Wednesday's Top 10 with NZ Mint: Der Spiegel argues for 'Grexit'; How Greece might default; China may have purged internal security boss Zhou Yongkang; How US, America (and NZ?) are turning Japanese; Dilbert

Here's my Top 10 links from around the Internet at 3.30 pm in association with NZ Mint.

I welcome your additions in the comments below or via email to bernard.hickey@interest.co.nz.

I'll pop the extras into the comment stream. See all previous Top 10s here.

My must read today is #5 on why British and American bond yields are falling despite blowouts in government deficits. They're turning Japanese with balance sheet recessions that force households to buy government bonds.

1. What the Germans think - Der Spiegel writes a long argument here in favour of Greece leaving the euro.

This is turning into an awfully dangerous game of chicken.

The Greeks are saying they want to drop the austerity AND stay in the Euro. The Germans say the euro can handle it if the Greeks leave.

Meanwhile, Southern European bonds are selling off like crazy in a silent bank run that could bring down the Euro...

Who's going to blink first?

And even if they do, will it be too late to put the fear and loathing and bank runs back in the bottle?

Here's today's exciting episode courtesy of Germany's most influential magazine:

After Greek voters rejected austerity in last week's election, plunging the country into a political crisis, Europe has been searching for a Plan B for Greece. It's time to admit that the EU/IMF rescue plan has failed. Greece's best hopes now lie in a return to the drachma.

At the Chancellery in Berlin, the television images from Athens now remind Merkel's advisers of conditions in the ill-fated Weimar Republic of 1919-1933. Back then, the Germans perceived the Treaty of Versailles as a supposed "disgrace." Now, the Greeks feel the same way about the austerity measures imposed by Brussels. And, as in the 1920s in Germany, the situation in Greece today benefits fringe parties on both the left and the right. The country's political system is unraveling, and some advisers even fear that the tense situation could lead to a military coup.

Greece has been in intensive care for years, but the patient, instead of recovering, is just getting sicker and sicker. In a confidential report, which SPIEGEL has seen, experts from the IMF arrive at a devastating verdict. The country, they write, has only "a small industrial base" and is characterized by "structural incrustations" and an "excessively large role of the public sector."
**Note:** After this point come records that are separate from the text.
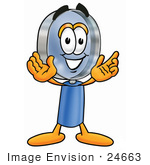 #24663 Clip Art Graphic Of A Blue Handled Magnifying Glass Cartoon Character With Welcoming Open Arms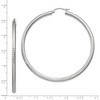 Black Bow Jewelry 3mm x 60mm, 14k White Gold, Diamond-cut Round Hoop Earrings - 4 of 4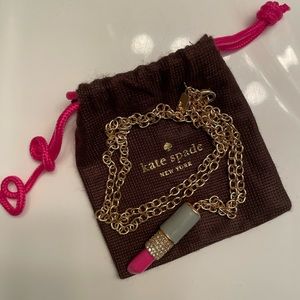 100% AUTHENTIC KATE SPADE ENAMEL LIPSTICK PENDANT NECKLACE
2. 'They never learn' - Satyajit Das writes at ABC about JP Morgan's 'Whale' of a loss.

The bank's assertion that the entire set of transactions was both a hedge and a source of earnings is confusing. The bank should have heeded the warning of the seventeenth-century French author François de La Rochefoucauld:

We are so accustomed to disguise ourselves to others that in the end we become disguised to ourselves.

Given JPM vaunted risk management credentials and boasts of a "fortress like" balance sheet, it is surprising that the problems of the hedge were not identified earlier.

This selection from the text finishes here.